Who doesn’t love a beautiful stonewall or a wrought iron fence? It makes everything seem contained, more civilized, safer. But do boundaries always keep us safe, or does they simply separate us?
Robert Frost in his poem “Mending Wall” questions this notion with his neighbor as they do a spring mend on a stonewall, each on his own side. The narrator considers this repairing an “out-door game,” since there is no livestock to contain. But his neighbor seems serious about the boundaries and quotes the proverb: “fences make good neighbors.”
As houses get closer and the noise louder, I too want to set boundaries—to live within a walled garden. I get up early not to hear the sounds of construction. But will a wall, garden or not, make me more tolerant? Will I sleep better at night with a 6-foot privacy fence? Possibly. Or perhaps it is more about what a fence symbolizes, because boundaries can be so many different things.

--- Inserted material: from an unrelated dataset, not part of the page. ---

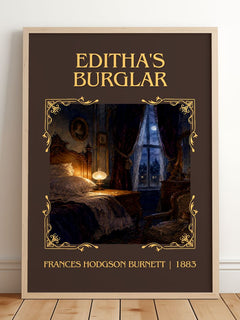 Editha'S Burglar Classic Book Art Print by Frances Hodgson Burnett – framed print leaning on a wooden floor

If boundaries alienate us from each other, can we name the boundaries? Are they simply differences in looks or opinions so that we draw lines of exclusion to feel more comfortable? Are they differences in values or religion? Or are they what we imagine of our “neighbors”? Frost says, “my apple trees will never get across and eat the cones under his pines.”
So I ask myself and you, does setting boundaries benefit us or keep us from crossing lines that might make a difference?